The next part of the Gerald Genta formula is to create a watch that you don’t need to worry about wearing, one that is comfortable and versatile on the wrist. This is very important because, as an item of beauty and prestige, that item must also seamlessly blend in with the lifestyle of the wearer. If that watch is not comfortable on the wrist, for example, then there is a good chance the wearer will simply not wear it and prevent others from seeing the watch on his wrist. This follows to the next part of the formula, which stipulates that a watch design should be visually distinctive and recognizable from afar. Consumers should not have to remember its name; they should only have to identify what it looks like in order to be a successful status symbol.

None of these formula items require that a wristwatch be on a bracelet — but it seems to help. Watch straps are, for the most part, boring. A black strap is simply a black strap. There is often very little room for design distinction. Watch bracelets offer the ability to have much more visual distinction, so they promote the visual identity value of a watch design. Gerald Genta was probably a better watch bracelet designer than he was even a case designer. These days, new watch bracelets on modern products are actually quite rare, which is a shame. The reason is that watch bracelets require just as much (if not more) engineering than the other parts of the watch. Think of the tapering on a Royal Oak bracelet — each of those parts is different from the other; the number of unique parts to make one bracelet can be staggeringly complex to organize. Engineers like to use tricks in order to use pieces of the same shape repeatedly in an item, such as links in a watch bracelet. The more unique parts a watch bracelet has, the more visually distinctive it is, as well as more expensive to both engineer and manufacture. Having a nice integrated bracelet seems to make watches particularly visually distinctive, and the message you wear on your wrist has some current social value.

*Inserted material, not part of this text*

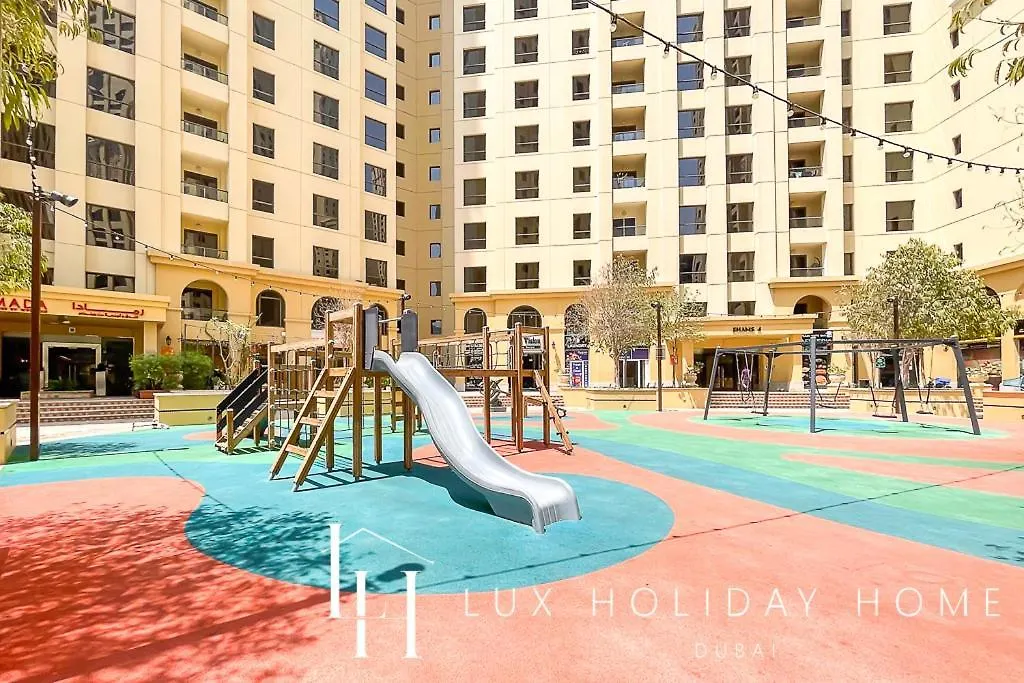 Lux The Premium Dubai Eye View Suite Apartment
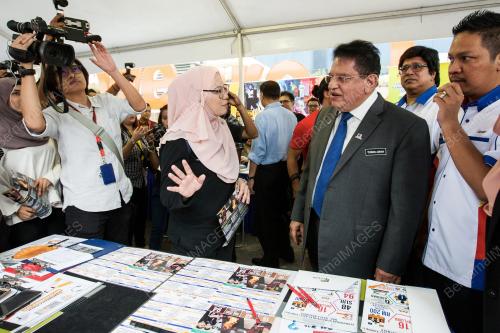 KL33_06042017_UNIKL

In much of the 1980s, the message that the Audemars Piguet Royal Oak and Patek Philippe Nautilus made was not in particularly high demand. Today, it is. I like to remind people that if those brands were measuring the success of those product families via quarterly results, then neither of those watches would still be with us today. Any watch brand seeking to “strike it rich” with its own Gerald Genta-esque evergreen-desirable luxury watches will need to likely invest for years without any significant returns. It simply takes that long for a watch to become familiar with and popular in the horological zeitgeist.

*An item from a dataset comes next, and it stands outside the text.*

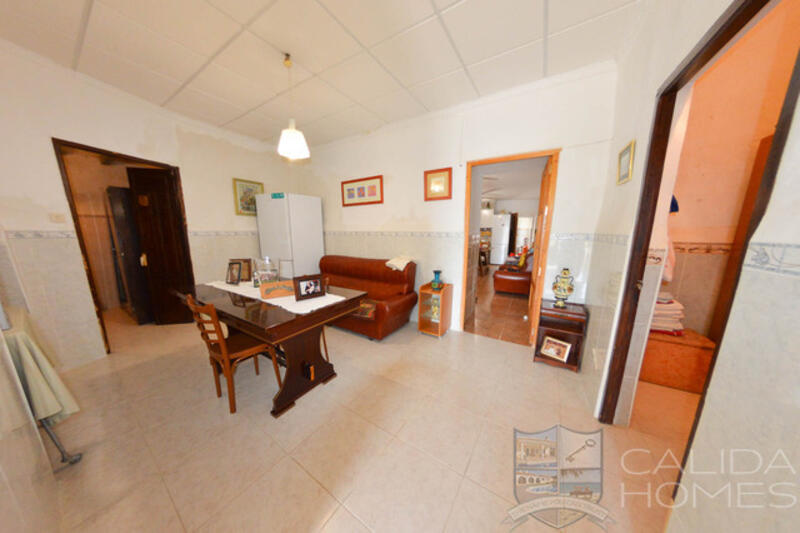 5 bedroom Country House for sale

Gerald Genta’s legacy is about to be taken for a bit of a ride over the next several years, in my opinion. His watches and his work will be celebrated by some very powerful marketing interests no doubt eager to create even more luster around his aura. His work should best be remembered not merely by what it looked like, but also by what he predicted watch consumers would eventually want down the line. It’s possible that Genta just got lucky — offered the right project at the right time for the right designer — but it’s also possible that he saw a very real gap in the market and had a pretty innovative idea about how to fill it.

Proud brands seeking to replicate Gerald Genta’s success by emulating his visual designs are doing a disservice to his legacy’s teachings. That doesn’t mean such products will not enjoy deserved commercial success. Rather, I am saying that without inventing a new mixture of borrowed design elements from something relevant to consumers today, simply emulating the molds of Genta’s work will only carry a product personality so far. Any brand that wants its own versions of the Royal Oak and Nautilus should look at the world today and take notice of the machines, structures, travel, art, culture, hope, conflict, and joy that today’s generation experiences and blend it into a new generation of functional-jewelry men’s wristwatches.